Macandal’s tone shook. “To learn and grow. To keep life alive.”

Aliyat spoke through sudden, brief tears. “Yes, take the universe back from the damned machines.”

“Where are they?”

The story is that Enrico Fermi first raised the question in the twentieth century, when scientists first dared wonder publicly about such things. If other thinking beings than us existed—how strange and sad if none did, in the entire vast-ness and diversity of creation—why had we on Earth found no trace or track of them? There we were, on the verge of making our own starward leap. Had nobody gone before us?

Perhaps it was impractical or impossible for flesh and Mood. It certainly was not for machines we knew in principle how to make. They could be our explorers, sending home their findings. Reaching far planets, they could build more like themselves, instilling the same imperative: Discover. (No menace to Me in their proliferation; at any given sun, a few tons of raw material from some barren asteroid or moon would suffice.) Under conservative assumptions, calculation showed that such robots would spread from end to end of the galaxy in about a million years. That was the merest eyeblink of cosmic time. Why, a million years ago our ancestors were approaching full humanness. Had no race anywhere even that much of a head start? All it would take was one.

Still easier to send were signals. We tried. We listened. Silence, until we thought to try in certain new directions; then, enigma.

Guesses teemed. The Others were transmitting, but not by means that we yet knew. They had come here, but in the prehistoric past.
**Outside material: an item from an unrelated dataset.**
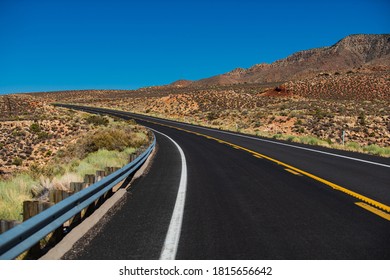 Landscape With Orange Rocks, Sky With Clouds And Asphalt Road In Summer. American Roadtrip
They were here, but concealed. They destroyed themselves, as we feared we might, before they could send or go. They had no high-technological civilizations among them; ours was unique. They did not exist; we were indeed alone. ...

Fermi went to his grave, time blew onward through its night, humankind entered upon a new path of evolution. The answer to his question was less found than it was created, by what the children of Earth themselves did; and it proved to be twofold.

Dispatch your robots. They go forth to marvels and magnificences. Every star is a sun, every planet a world, multifarious, astounding, its secrets not exhaustible in less than many decades. When it bears life, they are inexhaustible forever, because life is not only infinite in its variousness, it never remains the same, it is forever changing. When it is intelligent, this rises to a whole new dimensionality, a different order of being.

The farther your emissaries range, the faster grows the realm of the unknown. Double the radius, and you roughly octuple the number of stars to ransack. You also double the time of faring and the time for a signal to cross between ship and home.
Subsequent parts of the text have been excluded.